1. because the meeting made him look like a spineless dork and
2. because fidel “i’ll be yo’ sugar daddy” castro had promised to keep the meeting a secret.

oh.
you mean… no.
you mean fidel “spank me like you mean it” castro told a lie? castro? lied? is this bizarro world or something?

gee, i didn’t see that coming, did you?
um, yeah! geez fox, how long have you been in politics, heck, how long have you been alive? cripes, what kind of imbicile trusts castro?
rookie.

anyway, i heard on the radio news today that jimmy carter is all about starting an anti-castro club (i thought the united states was the anti-castro club) and he wants to be in charge of it. well, ok. i’m all for getting rid of the ass (castro, not carter) but c’mon, jimmy carter? i’m not saying carter is a bad guy or anything, but i mean, isn’t that like putting the class wimp in charge of telling the bully not to be so mean to everyone?
the school nurse better get ready to put some ice on carter’s black eye and bloody nose.
and sheesh, carter couldn’t do anything about it back when he was in charge of getting rid of the freak.
i mean, every president since the ’60s has promised to get rid of that cigar-chewing mofo.
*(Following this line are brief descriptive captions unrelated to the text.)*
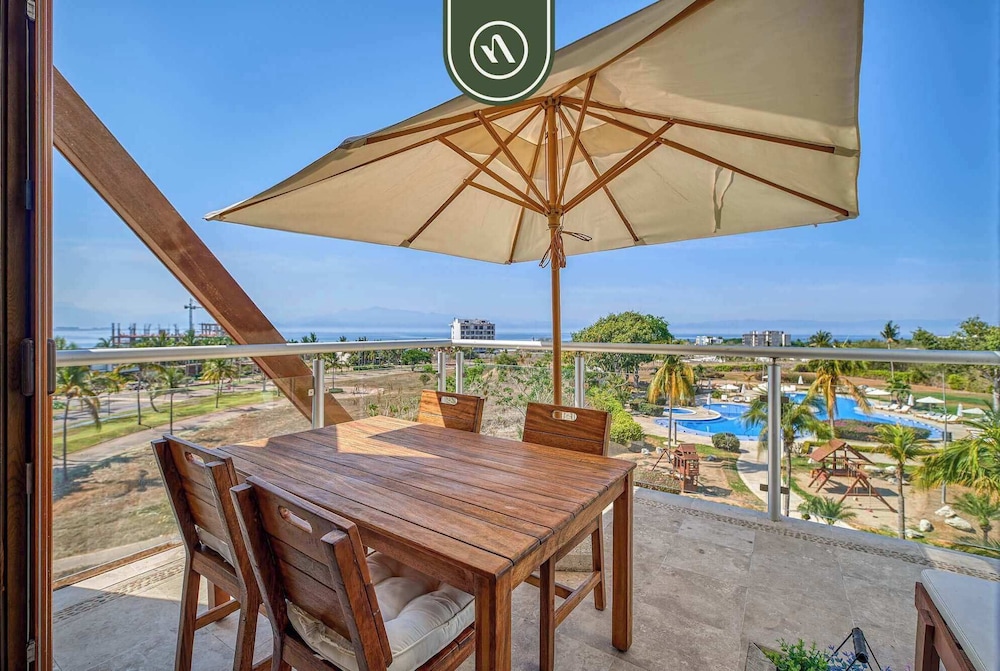 Oceanfront 3BR Condo With Beach Club - Pool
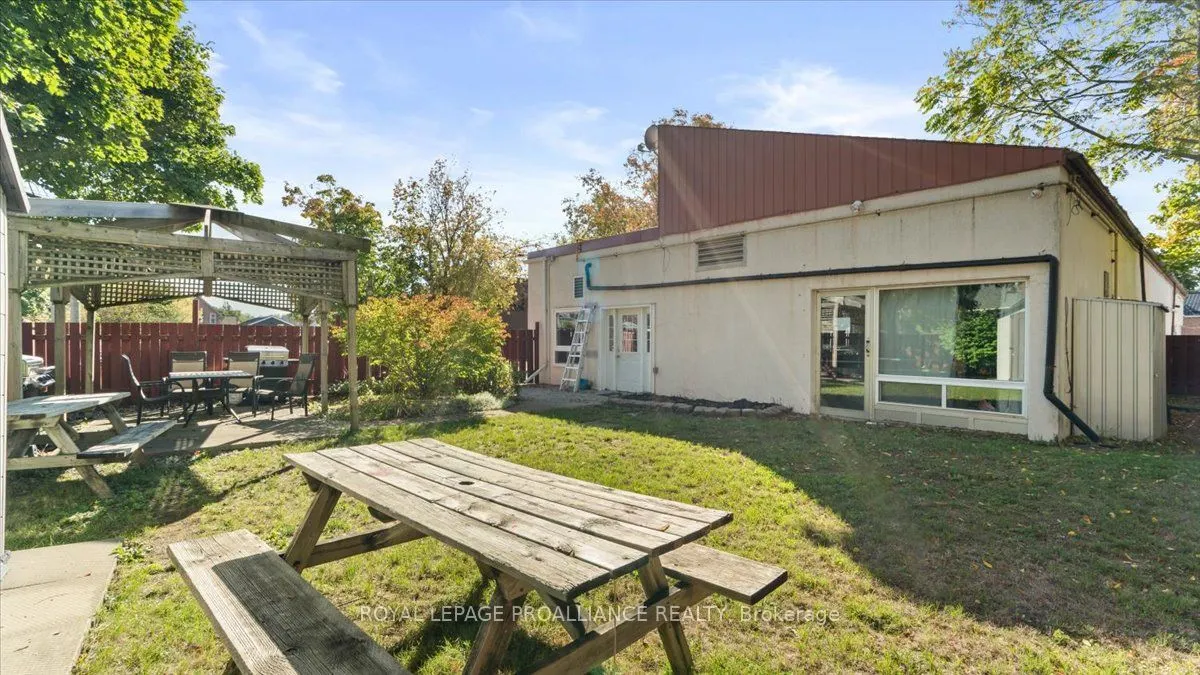 27 Doxsee Avenue N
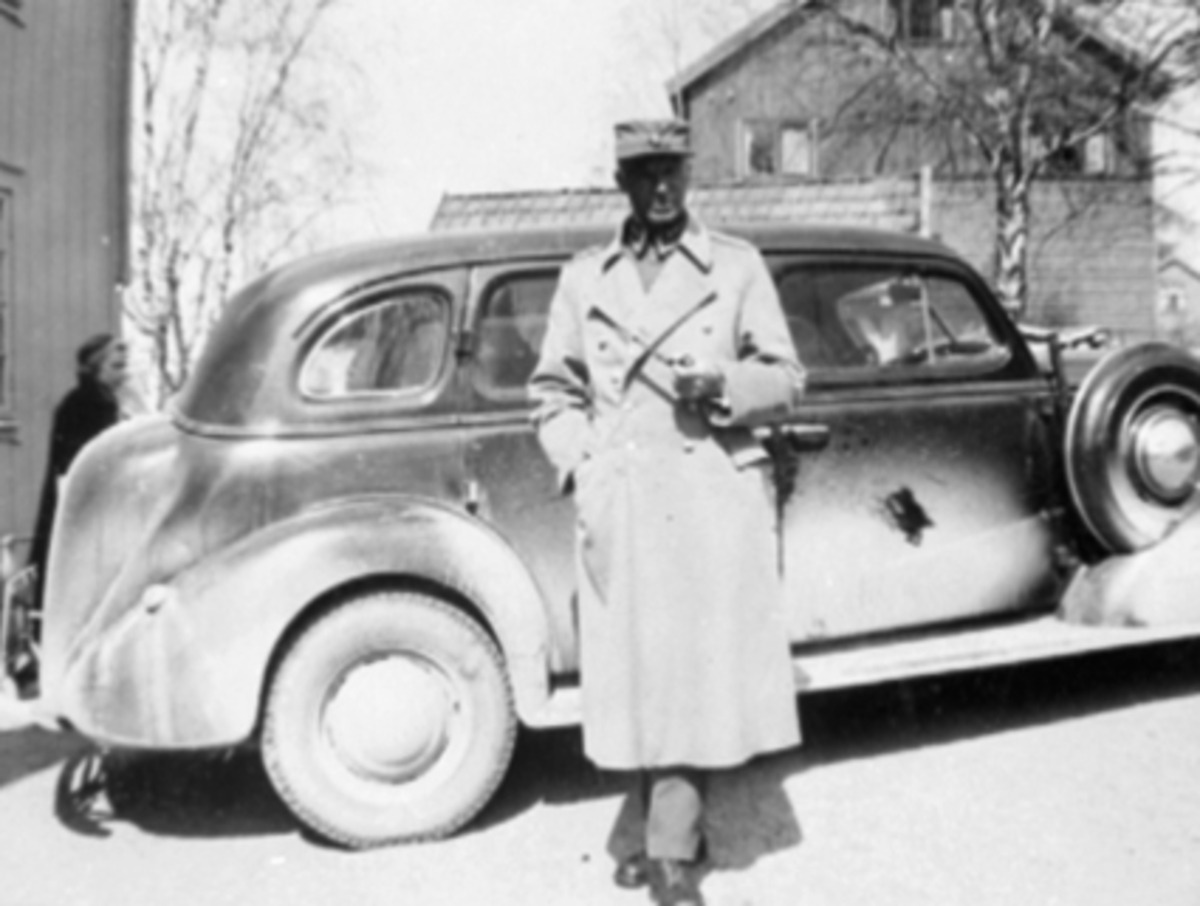 Anno Domkirkeodden, Sjef for Oplandske Dragonregiment oberst Jørgen Jensen, krigen 1940 - 1945. Bilen er en Chevrolet 1937-38 sjuseter.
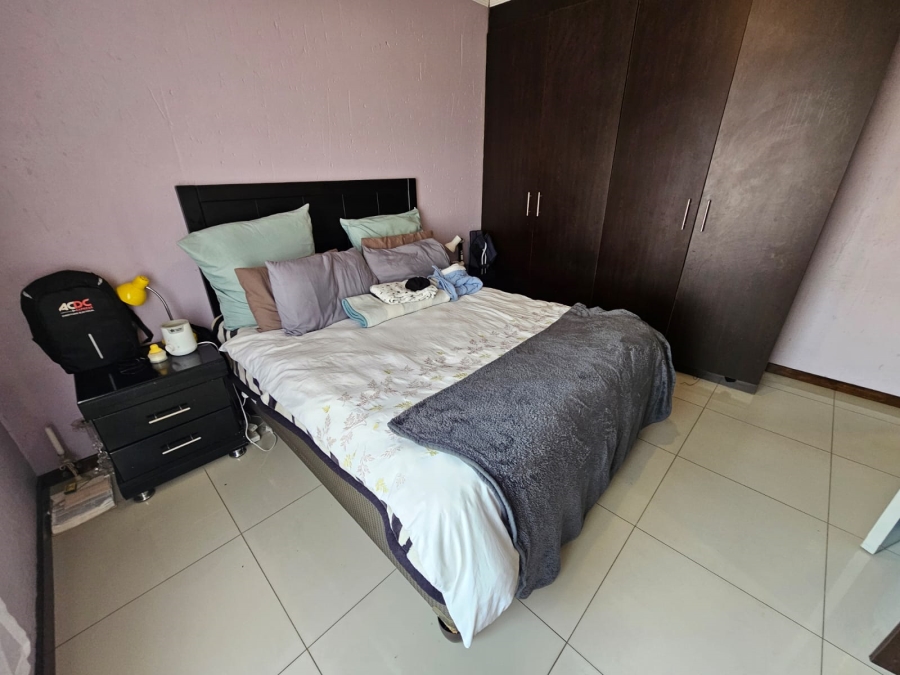 2 Bedroom Property for Sale in Brackendowns Gauteng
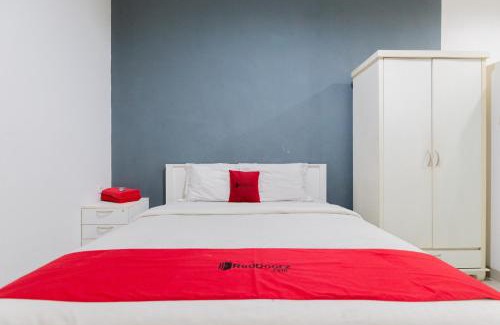 Cikarang House | RedDoorz Plus near Living Plaza Jababeka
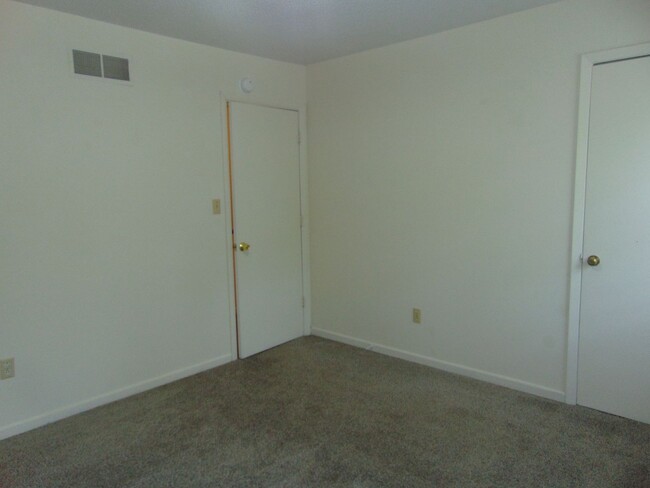 Building Photo - Nice 3 Bedroom 2.5 Bathroom Townhome!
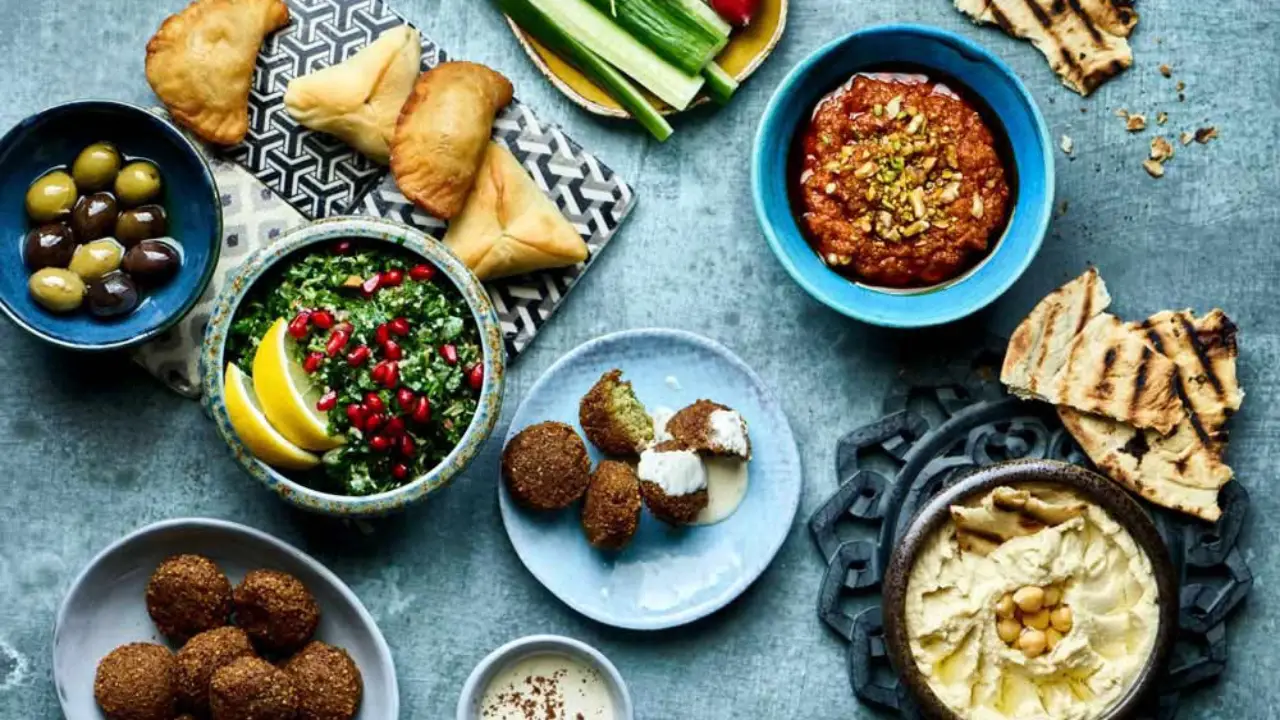 4. Israel - A Blend of Culinary Traditions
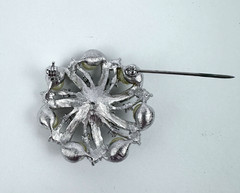 VTG Swirl Style Brooch/Pin Faux Pearl & Rhinestone Platinum Look 1-3/4″ Diameter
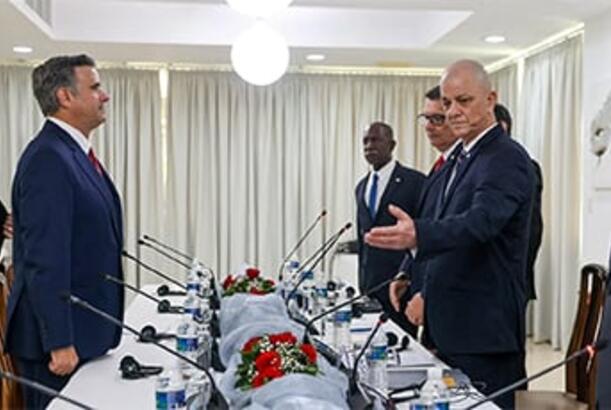 Mərkəzi Kəşfiyyat İdarəsinin direktoru Havanada nə edirdi?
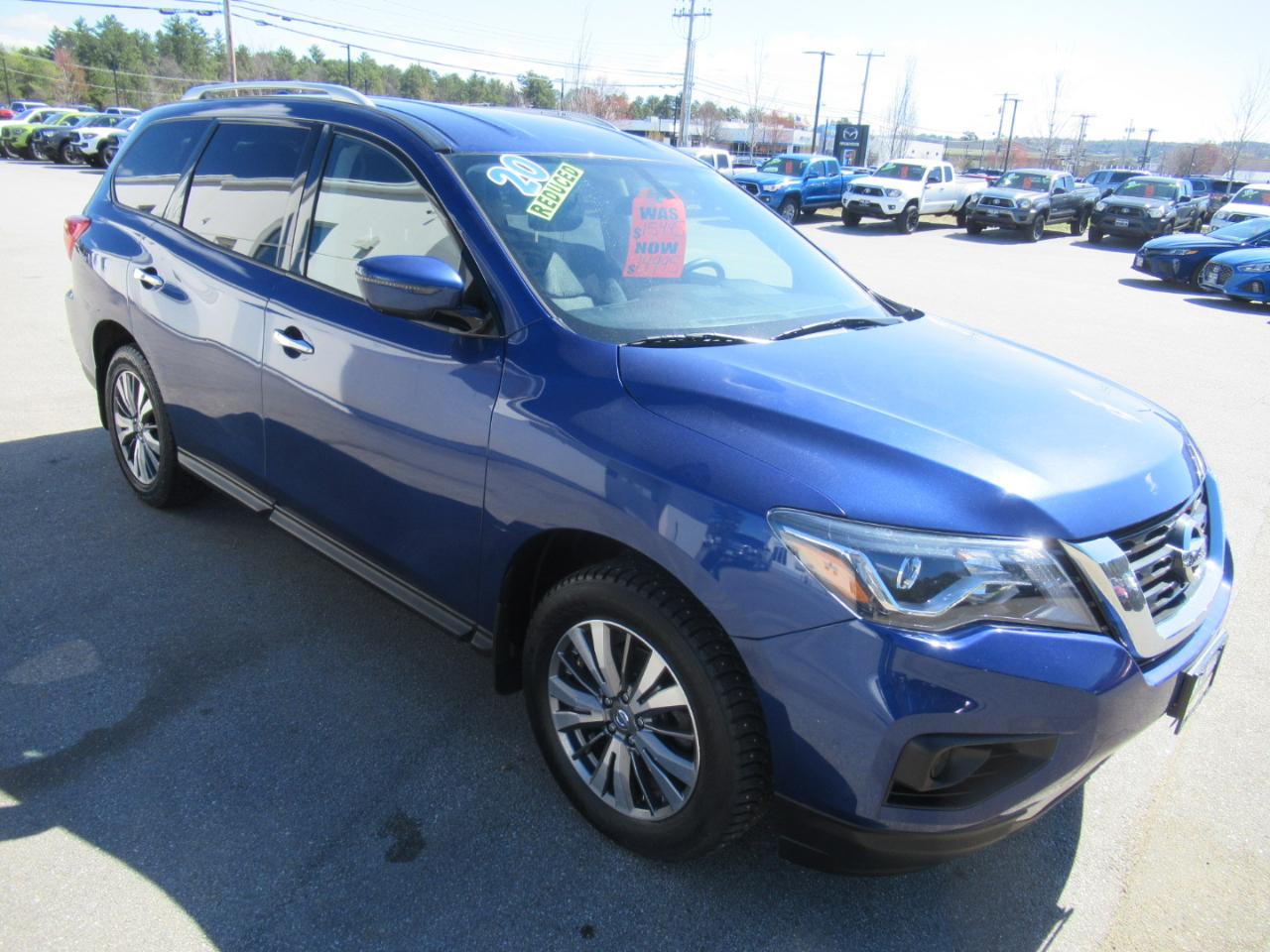 Nissan Pathfinder  2020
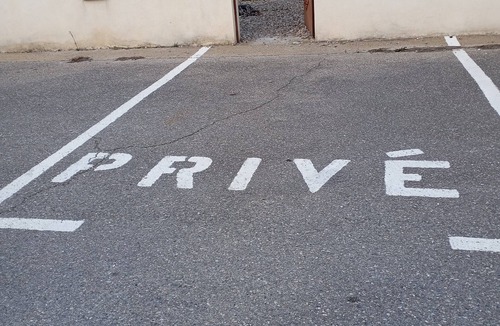 Loriol-du-Comtat Apartment | Studio "Villa Loriol du Comtat" with Shared Pool and Private Terrace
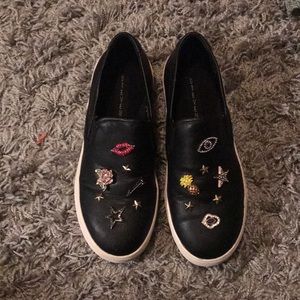 STEVE MADDEN SLIDE ONS SIZE 7M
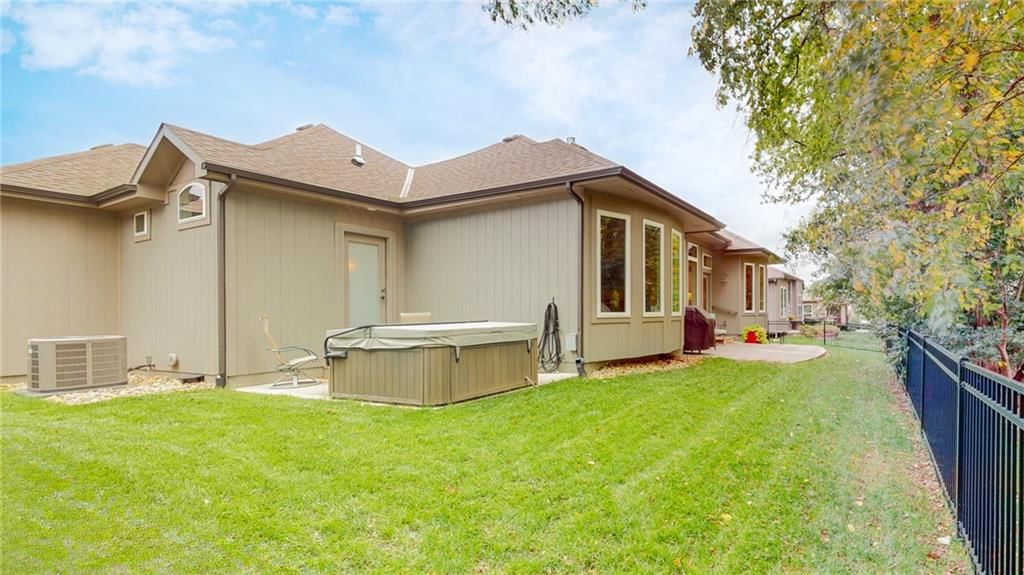 21285 W 115th Street — photo 29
but presidents are so bad at that sort of thing. they aren’t intimidating at all. they wear suits and ties.
what we really need is someone with some muscles and blue jeans. and probably a crowbar or claw-hammer. and also give him a gun, like a bazooka. something big and scary. we need randy “macho man” savage.

“oh yeeeeeah. listen up castro. i’m comin’ after you! yeeeah. and you better run, ’cause i’m bringin’ some marines with me. oh yeeeeah! and you can’t hide ’cause we can smell your skank from here! yeeeeeah, i’m gonna turn you into gravy and make you eat your own missiles! ooooooooooooh yeeeeeeeeeeah!”

so someone get jimmy carter outta there and get us someone with a decent scary voice and preferably some muscles and preferably someone under 60 years old. for crying out loud, i gotta think of everything?

and now for your link of the week, scott saylor sent me this little gem: http://etrata.home.attbi.com/flash/banana.swf
it’s really only funny is you have a sound card. well, i thought it was funny. some other people (roommate) didn’t think it was funny.